At the same time, make a promise to not make commitments you don’t intend on keeping. This is the other side of the integrity coin. When you refuse to commit to things you can’t show up to, you eliminate the need to flake at all. You also free up room to only commit to those things that matter to you, so you can experience the joy of showing up more often.

Celebrate showing up.

The more you show up, and the more you hang with people who show up, the more you’ll discover how important showing up really is. Celebrating un-flakiness reinforces the promise, and spreads the showing up mentality across your life.

What does this mean in practice?

For one thing, it means taking stock of the impact of showing up. Every so often, check in with yourself and ask how honoring your commitments is working out. Are you feeling more connected and more productive? Are there opportunities to show up in ways that you haven’t yet? What impact would showing up for those people and places have?
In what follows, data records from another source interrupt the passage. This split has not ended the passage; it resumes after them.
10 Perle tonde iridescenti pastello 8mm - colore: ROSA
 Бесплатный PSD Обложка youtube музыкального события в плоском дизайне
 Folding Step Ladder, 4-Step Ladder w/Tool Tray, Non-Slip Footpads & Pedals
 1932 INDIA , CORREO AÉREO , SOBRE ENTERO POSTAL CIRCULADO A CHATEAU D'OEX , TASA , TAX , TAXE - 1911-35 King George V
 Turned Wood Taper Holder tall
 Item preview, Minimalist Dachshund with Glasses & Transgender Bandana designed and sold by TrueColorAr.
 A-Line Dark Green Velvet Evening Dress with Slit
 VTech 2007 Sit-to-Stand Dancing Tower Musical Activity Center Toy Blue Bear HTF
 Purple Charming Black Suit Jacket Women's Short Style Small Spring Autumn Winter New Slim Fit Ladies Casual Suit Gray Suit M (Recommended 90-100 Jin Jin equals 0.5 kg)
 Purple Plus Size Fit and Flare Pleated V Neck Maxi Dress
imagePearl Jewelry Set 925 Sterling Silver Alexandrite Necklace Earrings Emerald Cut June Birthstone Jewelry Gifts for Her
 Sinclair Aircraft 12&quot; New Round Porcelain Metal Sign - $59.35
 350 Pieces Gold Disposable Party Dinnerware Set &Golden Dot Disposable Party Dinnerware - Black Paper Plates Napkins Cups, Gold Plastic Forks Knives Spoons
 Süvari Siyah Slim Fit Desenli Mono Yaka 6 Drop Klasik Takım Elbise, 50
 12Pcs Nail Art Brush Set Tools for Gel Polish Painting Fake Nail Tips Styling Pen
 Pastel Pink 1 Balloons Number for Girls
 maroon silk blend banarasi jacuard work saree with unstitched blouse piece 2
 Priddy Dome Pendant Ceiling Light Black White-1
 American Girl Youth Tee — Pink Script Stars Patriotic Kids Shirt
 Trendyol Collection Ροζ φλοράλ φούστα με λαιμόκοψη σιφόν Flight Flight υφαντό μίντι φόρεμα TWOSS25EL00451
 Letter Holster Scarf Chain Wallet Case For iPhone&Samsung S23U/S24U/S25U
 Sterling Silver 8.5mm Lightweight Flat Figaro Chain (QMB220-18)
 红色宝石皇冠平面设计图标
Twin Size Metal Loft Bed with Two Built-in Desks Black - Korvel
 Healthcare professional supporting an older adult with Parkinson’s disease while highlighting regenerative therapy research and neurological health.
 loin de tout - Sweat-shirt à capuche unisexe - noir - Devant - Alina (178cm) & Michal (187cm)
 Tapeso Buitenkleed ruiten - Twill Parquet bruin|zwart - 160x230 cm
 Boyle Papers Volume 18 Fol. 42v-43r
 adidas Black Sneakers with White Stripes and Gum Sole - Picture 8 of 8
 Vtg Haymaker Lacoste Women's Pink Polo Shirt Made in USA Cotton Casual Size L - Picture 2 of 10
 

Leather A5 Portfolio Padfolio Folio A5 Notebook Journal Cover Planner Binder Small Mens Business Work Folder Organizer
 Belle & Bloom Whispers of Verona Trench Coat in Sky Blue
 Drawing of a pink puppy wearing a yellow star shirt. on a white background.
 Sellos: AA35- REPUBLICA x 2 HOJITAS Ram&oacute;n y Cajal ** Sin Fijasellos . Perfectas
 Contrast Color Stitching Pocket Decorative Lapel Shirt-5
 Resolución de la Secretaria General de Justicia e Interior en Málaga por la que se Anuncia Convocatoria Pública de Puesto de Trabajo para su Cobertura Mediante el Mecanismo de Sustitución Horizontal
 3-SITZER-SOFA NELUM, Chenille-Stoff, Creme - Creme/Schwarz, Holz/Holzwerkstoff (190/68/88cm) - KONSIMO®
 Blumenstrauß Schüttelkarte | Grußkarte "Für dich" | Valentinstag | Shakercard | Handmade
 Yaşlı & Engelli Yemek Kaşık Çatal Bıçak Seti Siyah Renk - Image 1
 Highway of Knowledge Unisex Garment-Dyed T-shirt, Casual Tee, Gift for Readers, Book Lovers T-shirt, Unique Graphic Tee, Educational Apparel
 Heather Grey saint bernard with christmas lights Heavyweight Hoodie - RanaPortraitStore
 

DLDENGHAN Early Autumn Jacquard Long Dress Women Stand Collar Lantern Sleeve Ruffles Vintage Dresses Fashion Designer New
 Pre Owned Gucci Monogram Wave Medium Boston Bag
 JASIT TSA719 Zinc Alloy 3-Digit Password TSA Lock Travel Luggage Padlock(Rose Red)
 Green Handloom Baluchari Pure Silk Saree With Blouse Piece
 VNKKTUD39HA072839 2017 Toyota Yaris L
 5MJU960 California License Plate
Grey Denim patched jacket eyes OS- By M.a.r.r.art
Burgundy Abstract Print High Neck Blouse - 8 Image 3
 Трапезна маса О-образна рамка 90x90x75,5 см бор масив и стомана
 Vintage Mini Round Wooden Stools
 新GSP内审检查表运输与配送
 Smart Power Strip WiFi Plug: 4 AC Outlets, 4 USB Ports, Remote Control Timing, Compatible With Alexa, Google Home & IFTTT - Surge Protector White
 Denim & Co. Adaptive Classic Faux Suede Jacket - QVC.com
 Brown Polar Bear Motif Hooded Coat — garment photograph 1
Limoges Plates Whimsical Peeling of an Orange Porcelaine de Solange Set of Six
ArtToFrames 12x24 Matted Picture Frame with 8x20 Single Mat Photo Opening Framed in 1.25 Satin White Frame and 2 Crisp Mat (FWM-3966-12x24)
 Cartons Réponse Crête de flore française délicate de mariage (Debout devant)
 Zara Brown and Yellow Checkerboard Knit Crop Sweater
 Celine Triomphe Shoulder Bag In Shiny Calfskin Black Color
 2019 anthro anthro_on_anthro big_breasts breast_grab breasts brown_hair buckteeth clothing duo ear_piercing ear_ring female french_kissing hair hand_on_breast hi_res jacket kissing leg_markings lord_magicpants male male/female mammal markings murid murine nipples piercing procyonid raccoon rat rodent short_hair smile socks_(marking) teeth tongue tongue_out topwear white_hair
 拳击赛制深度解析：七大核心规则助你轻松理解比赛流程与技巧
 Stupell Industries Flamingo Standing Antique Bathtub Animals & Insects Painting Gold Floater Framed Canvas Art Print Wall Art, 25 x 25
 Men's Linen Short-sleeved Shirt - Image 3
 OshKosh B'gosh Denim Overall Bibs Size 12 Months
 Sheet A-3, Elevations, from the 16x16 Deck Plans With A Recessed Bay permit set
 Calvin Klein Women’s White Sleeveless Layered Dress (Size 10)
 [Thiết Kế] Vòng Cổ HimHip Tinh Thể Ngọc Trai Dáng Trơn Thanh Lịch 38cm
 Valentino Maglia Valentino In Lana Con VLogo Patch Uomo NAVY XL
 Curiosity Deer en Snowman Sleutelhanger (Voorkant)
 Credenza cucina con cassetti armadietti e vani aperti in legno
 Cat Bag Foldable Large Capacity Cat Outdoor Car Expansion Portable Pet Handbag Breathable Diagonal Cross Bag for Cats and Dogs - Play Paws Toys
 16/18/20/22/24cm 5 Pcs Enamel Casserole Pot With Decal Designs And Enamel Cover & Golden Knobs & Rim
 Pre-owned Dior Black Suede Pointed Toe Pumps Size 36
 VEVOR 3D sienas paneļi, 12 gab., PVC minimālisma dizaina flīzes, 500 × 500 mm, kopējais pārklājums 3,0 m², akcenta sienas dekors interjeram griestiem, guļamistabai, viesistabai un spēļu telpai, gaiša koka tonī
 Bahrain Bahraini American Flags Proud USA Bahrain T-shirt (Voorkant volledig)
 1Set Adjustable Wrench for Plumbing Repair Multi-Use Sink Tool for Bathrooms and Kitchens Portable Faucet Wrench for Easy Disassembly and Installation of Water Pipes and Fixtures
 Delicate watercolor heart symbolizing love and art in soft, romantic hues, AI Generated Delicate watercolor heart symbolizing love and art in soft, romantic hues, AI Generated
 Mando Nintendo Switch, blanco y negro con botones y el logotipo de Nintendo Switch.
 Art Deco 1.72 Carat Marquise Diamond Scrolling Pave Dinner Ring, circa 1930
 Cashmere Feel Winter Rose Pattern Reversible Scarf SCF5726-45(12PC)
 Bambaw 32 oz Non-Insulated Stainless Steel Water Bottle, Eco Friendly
Another way to celebrate showing up is to institutionalize it in every area of your life.

At work, you might make it a company policy (e.g., responding to your teammates because you care more about letting them down than you’re your boss thinks, incentivizing follow-through on goals and KPIs, creating a medium to highlight employees’ accomplishments).  In your family, you might make it a ritual (e.g., showing up at every moment for your kids and spouse, agreeing not to check phones at dinner, having dinner all together every week). In your personal life, you might make it an informal policy (e.g., not dating people who regularly flake, celebrating your friends’ accomplishments socially, looking for ways to commit to the other person’s growth).

The beauty of showing up is that it’s infectious.

The more you do it, the more you’ll want to do it, the more you’ll expect other people to do it, and — with you as an example — the more they’ll want to do it, too. It’s a virtuous cycle that begins with one person saying: I’m going to do what I said I would. That one agreement can literally change your life.

So this is our task: to show up when we say we will, to not say we’ll show up when we won’t, and to share that commitment to showing up across our lives.

The epidemic of flakiness is part of our culture now, but we can reverse it in ourselves. Ultimately, that’s all we really have to do to live a non-flaky life.

When we show up, we always end up finding other people who show up, too. We either attract them with our commitment or we inspire them with our example. That’s how great relationships are born. They deepen with value, gratitude, generosity, and kindness. But they begin in one place — ourselves — when we resist the urge to bail, and choose to be there instead.

For all those I love in my life, just know, I’m working on it.